Now the answer to this inquiry is, that the laws of motion borrow their axiomatic character from their being merely interpretations of the Axioms of Causation. Those axioms, being exhibitions of the Idea of Cause under various aspects, are of the most rigorous universality and necessity. And so far as the laws of motion are exemplifications of those axioms, these laws must be no less universal and necessary. How these axioms are to be understood;—in what sense cause and effect, action and reaction, are to be taken, experience and observation did, in fact, teach inquirers on this subject; and without this teaching, the laws of motion could never have been distinctly known. If two forces [266] act together, each must produce its effect, by the axiom of causation; and, therefore, the effects of the separate forces must be compounded. But a long course of discussion and experiment must instruct men of what kind this composition of forces is. Again; action and reaction must be equal; but much thought and some trial were needed to show what action and reaction are. Those metaphysicians who enunciated Laws of motion without reference to experience, propounded only such laws as were vague and inapplicable. But yet these persons manifested the indestructible conviction, belonging to man’s speculative nature, that there exist Laws of motion, that is, universal formulæ, connecting the causes and effects when motion takes place. Those mechanicians, again, who, observed facts involving equilibrium and motion, and stated some narrow rules, without attempting to ascend to any universal and simple principle, obtained laws no less barren and useless than the metaphysicians; for they could not tell in what new cases, or whether in any, their laws would be verified;—they needed a more general rule, to show them the limits of the rule they had discovered. They went wrong in each attempt to solve a new problem, because their interpretation of the terms of the axioms, though true, perhaps, in certain cases, was not right in general.

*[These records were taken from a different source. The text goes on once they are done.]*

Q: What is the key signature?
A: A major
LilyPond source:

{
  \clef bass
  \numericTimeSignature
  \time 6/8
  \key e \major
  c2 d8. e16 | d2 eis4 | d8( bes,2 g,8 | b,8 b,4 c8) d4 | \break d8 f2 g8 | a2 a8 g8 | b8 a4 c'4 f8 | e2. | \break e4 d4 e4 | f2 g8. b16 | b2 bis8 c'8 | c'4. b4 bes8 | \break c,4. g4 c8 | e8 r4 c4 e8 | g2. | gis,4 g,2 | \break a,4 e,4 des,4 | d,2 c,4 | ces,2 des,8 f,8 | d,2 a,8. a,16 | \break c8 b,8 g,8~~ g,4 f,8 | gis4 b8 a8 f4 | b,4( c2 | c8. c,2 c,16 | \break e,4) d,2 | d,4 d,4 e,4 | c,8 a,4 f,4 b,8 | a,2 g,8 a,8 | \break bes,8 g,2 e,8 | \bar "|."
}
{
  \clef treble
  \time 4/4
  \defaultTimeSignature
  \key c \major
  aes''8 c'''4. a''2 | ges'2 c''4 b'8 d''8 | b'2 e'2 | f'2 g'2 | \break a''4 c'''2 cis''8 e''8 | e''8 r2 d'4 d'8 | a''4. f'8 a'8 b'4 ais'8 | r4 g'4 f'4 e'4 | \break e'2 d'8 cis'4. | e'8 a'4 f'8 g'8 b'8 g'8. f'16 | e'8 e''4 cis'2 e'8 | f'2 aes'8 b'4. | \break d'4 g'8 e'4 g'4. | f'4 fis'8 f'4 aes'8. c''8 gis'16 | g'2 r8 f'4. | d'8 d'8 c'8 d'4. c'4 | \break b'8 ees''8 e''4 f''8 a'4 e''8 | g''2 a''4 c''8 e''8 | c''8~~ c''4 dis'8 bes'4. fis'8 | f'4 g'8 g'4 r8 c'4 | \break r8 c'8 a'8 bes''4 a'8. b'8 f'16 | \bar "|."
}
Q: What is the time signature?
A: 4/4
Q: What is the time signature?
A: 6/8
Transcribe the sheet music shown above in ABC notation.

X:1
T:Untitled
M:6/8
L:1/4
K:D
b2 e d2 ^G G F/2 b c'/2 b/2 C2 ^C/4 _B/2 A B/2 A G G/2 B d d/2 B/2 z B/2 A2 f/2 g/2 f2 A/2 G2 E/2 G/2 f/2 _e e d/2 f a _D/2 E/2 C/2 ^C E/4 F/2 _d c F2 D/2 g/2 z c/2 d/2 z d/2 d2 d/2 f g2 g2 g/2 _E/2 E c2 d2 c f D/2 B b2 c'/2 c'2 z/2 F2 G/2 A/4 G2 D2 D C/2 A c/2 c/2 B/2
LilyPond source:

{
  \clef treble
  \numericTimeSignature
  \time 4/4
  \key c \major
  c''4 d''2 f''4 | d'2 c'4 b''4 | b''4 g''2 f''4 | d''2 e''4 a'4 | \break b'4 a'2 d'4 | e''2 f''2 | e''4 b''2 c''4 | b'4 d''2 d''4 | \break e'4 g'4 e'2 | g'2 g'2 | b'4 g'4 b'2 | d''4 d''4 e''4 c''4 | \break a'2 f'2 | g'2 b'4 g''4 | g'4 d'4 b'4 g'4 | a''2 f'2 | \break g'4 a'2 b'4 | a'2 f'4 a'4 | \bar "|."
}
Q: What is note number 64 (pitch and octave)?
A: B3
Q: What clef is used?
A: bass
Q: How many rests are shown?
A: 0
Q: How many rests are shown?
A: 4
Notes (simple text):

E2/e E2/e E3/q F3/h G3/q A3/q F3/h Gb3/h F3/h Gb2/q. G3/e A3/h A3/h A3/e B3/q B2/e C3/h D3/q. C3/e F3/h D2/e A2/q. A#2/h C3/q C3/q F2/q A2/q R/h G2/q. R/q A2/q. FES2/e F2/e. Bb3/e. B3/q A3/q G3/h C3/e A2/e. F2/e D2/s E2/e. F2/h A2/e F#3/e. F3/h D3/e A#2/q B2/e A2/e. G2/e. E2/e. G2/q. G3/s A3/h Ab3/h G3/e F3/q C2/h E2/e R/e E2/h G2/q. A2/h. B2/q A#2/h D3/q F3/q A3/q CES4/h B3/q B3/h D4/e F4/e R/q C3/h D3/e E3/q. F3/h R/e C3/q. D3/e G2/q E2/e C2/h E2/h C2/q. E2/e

Thus Pappus erred in attempting to interpret as a case of the lever, the problem of supporting a weight upon an inclined plane; thus Aristotle erred in interpreting the doctrine that the weight of bodies is the cause of their fall; thus Kepler erred in interpreting the rule that the velocity of bodies depends upon the force; thus Bernoulli[39] erred in interpreting the equality of action and reaction upon a lever in motion. In each of these instances, true doctrines, already established, (whether by experiment or otherwise,) were erroneously applied. And the error was corrected by further reflection, which pointed out that another mode of interpretation was requisite, in order that the axiom [267] which, was appealed to in each case might retain its force in the most general sense. And in the reasonings which avoided or corrected such errors, and which led to substantial general truths, the object of the speculator always was to give to the acknowledged maxims which the Idea of Cause suggested, such a signification as should be consistent with their universal validity. The rule was not accepted as particular at the outset, and afterwards generalized more and more widely; but from the very first, the universality of the rule was assumed, and the question was, how it should be understood so as to be universally true. At every stage of speculation, the law was regarded as a general law. This was not an aspect which it gradually acquired, by the accumulating contributions of experience, but a feature of its original and native character. What should happen universally, experience might be needed to show: but that what happened should happen universally, was implied in the nature of knowledge. The universality of the laws of motion was not gathered from experience, however much the laws themselves might be so.
[39] Hist. Ind. Sc. b. vi. c. v. sect. 2.